**Task goal:** Each line of the data below from the one holding "Noa Short Sleeve Denim Shirt - Fresh Indigo" to the one holding "Double Pedestal Oval", inclusive, is to be reproduced exactly; no other line belongs in the answer.

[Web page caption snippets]
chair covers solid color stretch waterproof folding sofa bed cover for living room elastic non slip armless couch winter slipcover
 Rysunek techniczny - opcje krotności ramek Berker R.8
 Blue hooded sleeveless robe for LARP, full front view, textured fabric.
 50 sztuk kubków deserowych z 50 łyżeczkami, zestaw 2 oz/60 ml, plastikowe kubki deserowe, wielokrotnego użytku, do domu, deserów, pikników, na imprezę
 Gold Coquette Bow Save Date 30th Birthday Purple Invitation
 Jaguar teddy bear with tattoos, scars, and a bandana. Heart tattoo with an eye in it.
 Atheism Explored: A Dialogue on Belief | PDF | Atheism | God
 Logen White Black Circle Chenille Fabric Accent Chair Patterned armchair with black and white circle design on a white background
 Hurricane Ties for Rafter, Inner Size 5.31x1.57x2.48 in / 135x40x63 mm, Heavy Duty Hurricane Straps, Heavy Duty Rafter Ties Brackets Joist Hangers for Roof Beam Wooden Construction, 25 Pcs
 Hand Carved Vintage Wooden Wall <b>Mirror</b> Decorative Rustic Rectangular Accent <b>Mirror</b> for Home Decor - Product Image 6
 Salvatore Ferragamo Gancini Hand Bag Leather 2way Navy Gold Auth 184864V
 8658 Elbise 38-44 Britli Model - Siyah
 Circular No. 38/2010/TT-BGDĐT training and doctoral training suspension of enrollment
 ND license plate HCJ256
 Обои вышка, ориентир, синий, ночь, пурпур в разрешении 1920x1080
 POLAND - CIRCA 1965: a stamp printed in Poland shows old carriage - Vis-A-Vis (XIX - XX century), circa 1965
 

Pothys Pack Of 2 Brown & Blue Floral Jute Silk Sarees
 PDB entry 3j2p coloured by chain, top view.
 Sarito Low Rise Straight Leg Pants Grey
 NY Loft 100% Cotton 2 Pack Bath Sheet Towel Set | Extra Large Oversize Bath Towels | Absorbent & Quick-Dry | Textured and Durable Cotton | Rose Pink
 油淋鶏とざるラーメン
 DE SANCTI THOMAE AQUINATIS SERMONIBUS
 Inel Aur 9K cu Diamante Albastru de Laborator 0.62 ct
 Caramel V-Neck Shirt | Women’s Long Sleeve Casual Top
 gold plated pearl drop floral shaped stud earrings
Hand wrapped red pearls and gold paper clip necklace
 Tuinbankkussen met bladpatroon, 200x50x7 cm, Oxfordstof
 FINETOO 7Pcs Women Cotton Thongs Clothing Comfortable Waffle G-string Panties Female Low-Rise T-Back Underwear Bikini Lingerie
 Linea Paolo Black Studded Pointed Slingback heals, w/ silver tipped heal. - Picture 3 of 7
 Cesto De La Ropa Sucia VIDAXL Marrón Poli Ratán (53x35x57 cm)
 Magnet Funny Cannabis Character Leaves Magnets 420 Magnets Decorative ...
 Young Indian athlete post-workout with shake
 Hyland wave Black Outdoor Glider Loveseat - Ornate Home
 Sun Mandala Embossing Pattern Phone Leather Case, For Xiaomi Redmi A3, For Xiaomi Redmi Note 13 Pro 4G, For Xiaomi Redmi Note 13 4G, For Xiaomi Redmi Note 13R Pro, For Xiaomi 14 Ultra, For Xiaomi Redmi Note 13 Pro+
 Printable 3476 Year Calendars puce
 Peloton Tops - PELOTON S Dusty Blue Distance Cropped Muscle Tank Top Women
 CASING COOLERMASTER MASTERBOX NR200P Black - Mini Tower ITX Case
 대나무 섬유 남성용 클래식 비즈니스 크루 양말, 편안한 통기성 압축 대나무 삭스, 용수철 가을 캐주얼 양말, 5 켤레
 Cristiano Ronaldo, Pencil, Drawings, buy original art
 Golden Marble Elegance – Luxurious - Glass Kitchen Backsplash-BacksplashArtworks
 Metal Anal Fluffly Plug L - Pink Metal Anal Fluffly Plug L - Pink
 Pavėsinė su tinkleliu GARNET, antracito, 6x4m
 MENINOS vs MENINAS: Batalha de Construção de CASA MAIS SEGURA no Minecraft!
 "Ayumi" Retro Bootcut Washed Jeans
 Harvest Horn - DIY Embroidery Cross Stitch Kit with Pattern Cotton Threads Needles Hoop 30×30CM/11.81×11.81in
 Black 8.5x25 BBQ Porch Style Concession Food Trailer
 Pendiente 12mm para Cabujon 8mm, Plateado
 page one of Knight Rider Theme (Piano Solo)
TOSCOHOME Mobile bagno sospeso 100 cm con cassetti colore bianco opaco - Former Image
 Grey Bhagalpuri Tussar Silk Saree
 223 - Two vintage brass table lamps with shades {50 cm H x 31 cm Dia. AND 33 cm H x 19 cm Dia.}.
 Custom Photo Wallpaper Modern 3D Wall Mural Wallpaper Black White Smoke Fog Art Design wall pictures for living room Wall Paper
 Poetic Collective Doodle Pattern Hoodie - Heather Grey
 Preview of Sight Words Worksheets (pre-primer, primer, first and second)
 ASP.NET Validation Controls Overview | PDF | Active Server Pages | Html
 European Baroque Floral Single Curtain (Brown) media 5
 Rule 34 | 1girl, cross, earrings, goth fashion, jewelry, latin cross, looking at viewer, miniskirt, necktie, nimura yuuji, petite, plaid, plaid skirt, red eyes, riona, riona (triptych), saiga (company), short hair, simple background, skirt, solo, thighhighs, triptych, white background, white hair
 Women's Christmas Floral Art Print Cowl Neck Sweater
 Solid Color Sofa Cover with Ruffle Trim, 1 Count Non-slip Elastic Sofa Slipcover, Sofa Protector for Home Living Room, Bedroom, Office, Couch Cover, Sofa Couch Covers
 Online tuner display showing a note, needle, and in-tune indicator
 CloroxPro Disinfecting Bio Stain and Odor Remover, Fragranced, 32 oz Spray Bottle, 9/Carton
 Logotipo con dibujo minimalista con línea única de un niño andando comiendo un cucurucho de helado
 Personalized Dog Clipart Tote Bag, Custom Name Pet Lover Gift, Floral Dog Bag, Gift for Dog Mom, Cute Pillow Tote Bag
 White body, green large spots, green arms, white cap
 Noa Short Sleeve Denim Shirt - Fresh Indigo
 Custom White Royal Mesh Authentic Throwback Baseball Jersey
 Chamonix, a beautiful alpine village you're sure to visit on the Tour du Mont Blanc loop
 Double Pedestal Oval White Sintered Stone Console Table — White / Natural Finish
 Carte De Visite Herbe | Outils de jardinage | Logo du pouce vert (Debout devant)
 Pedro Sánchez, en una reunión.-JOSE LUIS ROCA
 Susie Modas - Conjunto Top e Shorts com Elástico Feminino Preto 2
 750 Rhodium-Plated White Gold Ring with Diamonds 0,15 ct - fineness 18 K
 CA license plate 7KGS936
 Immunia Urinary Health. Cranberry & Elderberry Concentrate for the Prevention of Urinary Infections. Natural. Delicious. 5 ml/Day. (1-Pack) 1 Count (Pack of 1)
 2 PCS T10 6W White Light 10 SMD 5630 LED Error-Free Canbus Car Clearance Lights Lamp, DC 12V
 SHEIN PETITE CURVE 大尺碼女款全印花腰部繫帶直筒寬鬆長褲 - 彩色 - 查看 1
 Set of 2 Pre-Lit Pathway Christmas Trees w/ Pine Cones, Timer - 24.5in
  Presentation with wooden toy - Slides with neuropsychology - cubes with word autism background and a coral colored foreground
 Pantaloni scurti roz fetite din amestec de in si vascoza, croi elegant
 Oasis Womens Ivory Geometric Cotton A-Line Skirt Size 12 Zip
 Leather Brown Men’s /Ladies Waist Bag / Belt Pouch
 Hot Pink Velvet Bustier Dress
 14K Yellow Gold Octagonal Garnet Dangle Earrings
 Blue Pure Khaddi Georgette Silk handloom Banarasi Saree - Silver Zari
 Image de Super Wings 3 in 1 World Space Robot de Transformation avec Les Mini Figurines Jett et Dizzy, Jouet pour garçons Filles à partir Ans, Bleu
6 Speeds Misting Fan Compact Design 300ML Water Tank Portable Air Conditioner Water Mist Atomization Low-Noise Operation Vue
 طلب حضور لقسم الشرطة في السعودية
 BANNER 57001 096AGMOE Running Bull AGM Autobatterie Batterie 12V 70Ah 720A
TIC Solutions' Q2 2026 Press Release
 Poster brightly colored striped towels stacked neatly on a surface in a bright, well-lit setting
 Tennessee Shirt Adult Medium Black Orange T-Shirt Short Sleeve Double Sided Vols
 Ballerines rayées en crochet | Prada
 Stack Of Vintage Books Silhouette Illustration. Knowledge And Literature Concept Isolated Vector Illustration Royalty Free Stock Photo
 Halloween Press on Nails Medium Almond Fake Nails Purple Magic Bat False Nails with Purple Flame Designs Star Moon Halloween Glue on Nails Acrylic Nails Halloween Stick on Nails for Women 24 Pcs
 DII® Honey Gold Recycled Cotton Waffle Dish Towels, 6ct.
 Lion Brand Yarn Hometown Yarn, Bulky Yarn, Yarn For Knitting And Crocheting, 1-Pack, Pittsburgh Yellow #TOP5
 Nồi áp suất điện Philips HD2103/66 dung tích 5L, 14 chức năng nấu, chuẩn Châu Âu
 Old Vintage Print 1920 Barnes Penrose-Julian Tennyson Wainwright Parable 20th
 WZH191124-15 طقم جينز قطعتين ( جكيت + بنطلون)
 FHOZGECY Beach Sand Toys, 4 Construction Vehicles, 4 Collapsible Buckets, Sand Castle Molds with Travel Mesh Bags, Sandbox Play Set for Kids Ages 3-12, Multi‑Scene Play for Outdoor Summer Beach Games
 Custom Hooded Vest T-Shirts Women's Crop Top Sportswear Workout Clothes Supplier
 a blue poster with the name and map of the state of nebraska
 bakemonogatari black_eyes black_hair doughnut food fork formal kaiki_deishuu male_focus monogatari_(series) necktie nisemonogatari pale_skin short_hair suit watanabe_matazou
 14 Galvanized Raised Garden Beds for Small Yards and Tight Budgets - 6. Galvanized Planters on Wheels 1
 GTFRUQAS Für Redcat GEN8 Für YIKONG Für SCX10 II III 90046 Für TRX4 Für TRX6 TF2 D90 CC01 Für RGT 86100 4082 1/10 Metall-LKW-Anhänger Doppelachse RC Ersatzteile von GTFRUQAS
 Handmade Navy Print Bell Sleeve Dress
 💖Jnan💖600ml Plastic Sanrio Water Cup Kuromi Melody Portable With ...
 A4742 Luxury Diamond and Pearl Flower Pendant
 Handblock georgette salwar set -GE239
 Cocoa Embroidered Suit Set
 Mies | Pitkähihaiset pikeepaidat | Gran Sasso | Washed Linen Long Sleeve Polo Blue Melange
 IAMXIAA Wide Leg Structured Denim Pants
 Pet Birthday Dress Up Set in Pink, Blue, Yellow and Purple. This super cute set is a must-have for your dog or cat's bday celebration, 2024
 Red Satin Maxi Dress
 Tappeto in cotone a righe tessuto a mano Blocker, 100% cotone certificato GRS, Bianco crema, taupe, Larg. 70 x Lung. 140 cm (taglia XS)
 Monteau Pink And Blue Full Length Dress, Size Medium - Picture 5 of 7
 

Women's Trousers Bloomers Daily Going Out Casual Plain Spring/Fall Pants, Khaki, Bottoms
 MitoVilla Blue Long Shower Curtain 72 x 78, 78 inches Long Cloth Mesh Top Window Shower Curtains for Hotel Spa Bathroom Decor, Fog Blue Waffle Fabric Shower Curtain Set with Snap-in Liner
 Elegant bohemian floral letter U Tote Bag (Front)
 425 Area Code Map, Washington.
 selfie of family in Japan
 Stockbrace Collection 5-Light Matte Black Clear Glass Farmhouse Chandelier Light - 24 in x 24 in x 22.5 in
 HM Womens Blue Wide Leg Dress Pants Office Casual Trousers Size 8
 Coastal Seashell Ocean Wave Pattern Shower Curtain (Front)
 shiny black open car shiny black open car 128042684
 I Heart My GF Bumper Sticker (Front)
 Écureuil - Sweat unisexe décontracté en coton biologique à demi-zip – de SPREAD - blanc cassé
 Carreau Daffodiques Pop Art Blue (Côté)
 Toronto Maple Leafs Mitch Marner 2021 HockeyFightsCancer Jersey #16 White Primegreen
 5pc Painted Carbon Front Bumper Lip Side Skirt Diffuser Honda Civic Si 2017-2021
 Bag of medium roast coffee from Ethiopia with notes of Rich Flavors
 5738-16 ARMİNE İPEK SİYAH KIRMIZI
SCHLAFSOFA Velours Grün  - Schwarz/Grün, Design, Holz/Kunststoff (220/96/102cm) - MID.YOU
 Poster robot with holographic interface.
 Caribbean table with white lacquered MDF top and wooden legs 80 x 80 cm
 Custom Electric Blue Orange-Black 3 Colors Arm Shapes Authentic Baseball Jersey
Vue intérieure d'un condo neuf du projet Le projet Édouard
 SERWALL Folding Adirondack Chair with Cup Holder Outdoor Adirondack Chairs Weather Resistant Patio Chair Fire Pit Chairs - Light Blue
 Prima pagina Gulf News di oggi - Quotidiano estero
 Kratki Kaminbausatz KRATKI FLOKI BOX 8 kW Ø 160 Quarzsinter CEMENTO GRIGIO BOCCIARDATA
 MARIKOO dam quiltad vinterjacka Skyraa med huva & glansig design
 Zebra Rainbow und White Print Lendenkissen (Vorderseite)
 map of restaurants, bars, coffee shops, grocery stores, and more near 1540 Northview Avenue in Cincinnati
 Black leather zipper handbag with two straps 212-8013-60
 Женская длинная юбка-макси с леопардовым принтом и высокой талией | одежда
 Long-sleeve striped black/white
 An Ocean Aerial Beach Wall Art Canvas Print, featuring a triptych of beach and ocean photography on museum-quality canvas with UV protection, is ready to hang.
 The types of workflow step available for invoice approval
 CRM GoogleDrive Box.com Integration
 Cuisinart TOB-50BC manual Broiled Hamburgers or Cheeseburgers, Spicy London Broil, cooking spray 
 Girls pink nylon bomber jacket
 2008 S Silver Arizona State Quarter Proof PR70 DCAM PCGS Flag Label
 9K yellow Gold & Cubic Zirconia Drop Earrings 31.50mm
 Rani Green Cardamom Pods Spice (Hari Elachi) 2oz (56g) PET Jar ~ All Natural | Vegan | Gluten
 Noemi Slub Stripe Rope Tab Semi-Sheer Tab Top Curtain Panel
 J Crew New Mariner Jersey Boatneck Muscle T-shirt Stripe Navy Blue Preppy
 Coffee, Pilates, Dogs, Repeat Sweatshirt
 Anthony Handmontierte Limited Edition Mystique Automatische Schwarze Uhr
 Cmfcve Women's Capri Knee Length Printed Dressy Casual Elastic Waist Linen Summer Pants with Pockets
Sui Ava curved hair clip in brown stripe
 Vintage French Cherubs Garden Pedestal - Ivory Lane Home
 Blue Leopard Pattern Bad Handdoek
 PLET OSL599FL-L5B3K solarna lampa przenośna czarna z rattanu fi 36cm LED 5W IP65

**Answer for this exercise:**
 Noa Short Sleeve Denim Shirt - Fresh Indigo
 Custom White Royal Mesh Authentic Throwback Baseball Jersey
 Chamonix, a beautiful alpine village you're sure to visit on the Tour du Mont Blanc loop
 Double Pedestal Oval White Sintered Stone Console Table — White / Natural Finish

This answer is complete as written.